Half of a Yellow Sun
v. Absurdistan

Judged by Brady Udall

Brady Udall is the author of Letting Loose the Hounds and The Miracle Life of Edgar Mint. Connections to authors: If he has any connections to this year’s authors it would be news to him.

A few years ago I was sitting in a hotel lobby across from the writer Elwood Reid, who was reading a book and laughing. Elwood is an imposing, 300-pound ex-football player with a deep nihilistic streak, and while I would never call him humorless, I think it’s safe to say he’s not easily amused. But this book was making him laugh. At one point he raised his big head out of the book and said to no one in particular, “This shit is classic!” I didn’t know what the book was, or who wrote it, but I resolved right then to read it immediately. If it could make Elwood laugh, who knows, maybe it could improve my looks.

The book turned out to be The Russian Debutante’s Handbook, the first novel by Gary Shteyngart. It’s a supremely well-written book, funny on nearly every page, full of zinging dialogue and sparkling description. Unfortunately, the book falls apart in the second half. The plot deflates, the characters become caricatures of themselves, and the whole thing devolves into tepid farce. But I didn’t care; the book had potential. I’ve long been of the opinion that the comic novel is the most difficult literary form, an observation based largely on the fact that there are so very few great comic novels and so very many crappy ones. The Russian Debutante’s Handbook isn’t a great comic novel, but it’s a good one, and it gave me hope.


You can imagine my anticipation, then, when I cracked the spine of Absurdistan, Shteyngart’s highly-touted second novel. Absurdistan is the story of Misha Vainberg, the morbidly obese son of the 1,238th-richest man in Russia, who is thwarted at every turn in his attempt to return to the Bronx, where his beloved, trash-talking homegirl Rouenna awaits him. Absurdistan has much of what made The Russian Debutante’s Handbook so good: spectacular prose, lushly idiosyncratic detail, and 1,001 witty asides. What it doesn’t have is much of a plot, or compelling human characters, or any real notion of what it’s trying to say or do. Though there are some hilarious sequences, too often the humor comes off as sophomoric, desperate to please. There are inane puns, a lot of off-the-cuff rap (my name is Vainberg/ I like ho’s/ I sniff ‘em out/ Wid my Hebrew nose), and several appearances by the author himself, cleverly disguised as Jerry Shteynfarb (get it?), the author of the hit novel The Russian Arriviste’s Hand Job (get it now?). By the time I finished it, I couldn’t help but feel that the book didn’t work because the characters and their stories suffer at the expense of the author’s admiration for his own formidable wit and charms.
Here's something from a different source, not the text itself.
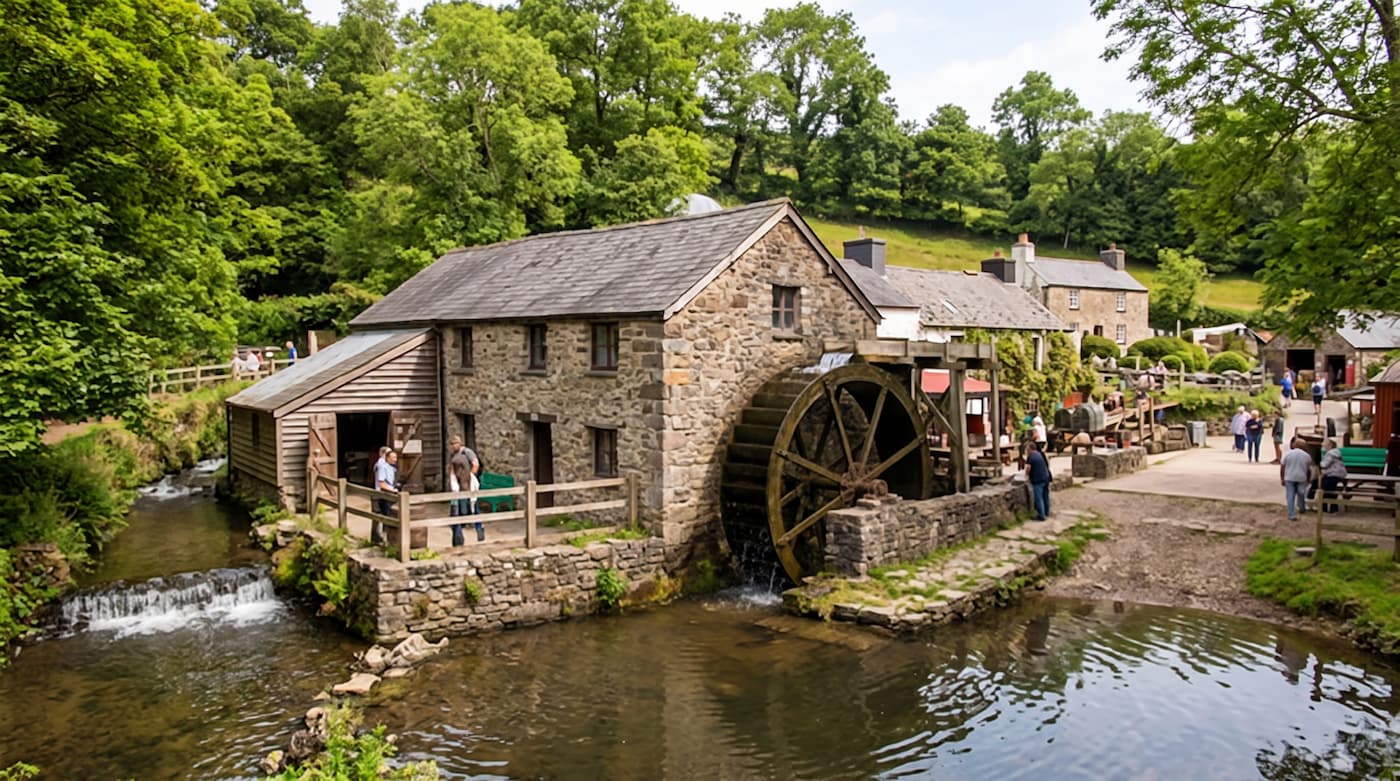 Historic watermill buildings at the Gower Heritage Centre in Parkmill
After the zany shenanigans of Absurdistan, I was more than ready for the violence and tragedy of the Nigerian civil war, as depicted in Chimamanda Ngozi Adichie’s Half of a Yellow Sun. The novel is told from the perspective of three characters: 13-year-old Ugwu, the houseboy of a revolutionary college professor; Olana, the professor’s mistress; and Richard, a timid Englishman who pines after Olana’s twin sister. The novel is at its most energetic and compelling in Ugwu’s sections. He is an innocent, one who absorbs the small details of a world that has the inexhaustible power to seduce his sense of wonder, and somehow he is the perfect lens through which to filter the bloody horrors and degradations of war. The narrative occasionally drags in the other sections, often because the author burdens the characters with the task of explaining the war and its historical context. For a war novel there is a distressing surplus of discourse, with characters holding forth in long paragraphs on subjects like Marxism, European colonialism, and tribal politics. Despite its inability to gain much traction early on, the narrative eventually coalesces very nicely into a compassionate and clear-eyed story told with confidence and with the intuitive understanding that true history concerns itself with the lives of individuals.

Advancing:
Half of a Yellow Sun


Match Commentary
with Kevin Guilfoile and John Warner

WARNER: A real pleasure to be back in the virtual booth for the 3rd Annual Tournament of Books. I’ve got my rooster-crest-emblazoned sport coat on and I’m looking forward to seeing which one of our contestants makes a drunken pass at Suzy Kolber on the sidelines.

I hit the books hard this year, effectively doubling my preparation by actually having read two of the titles among this year’s 16 finalists (The Lay of the Land and One Good Turn), as opposed to one last year (runner-up Sam Lipsyte’s Home Land). However, if Tony Kornheiser can join the Monday Night Football booth and George W. Bush can be president, actual experience with what you’re talking about seems unnecessary.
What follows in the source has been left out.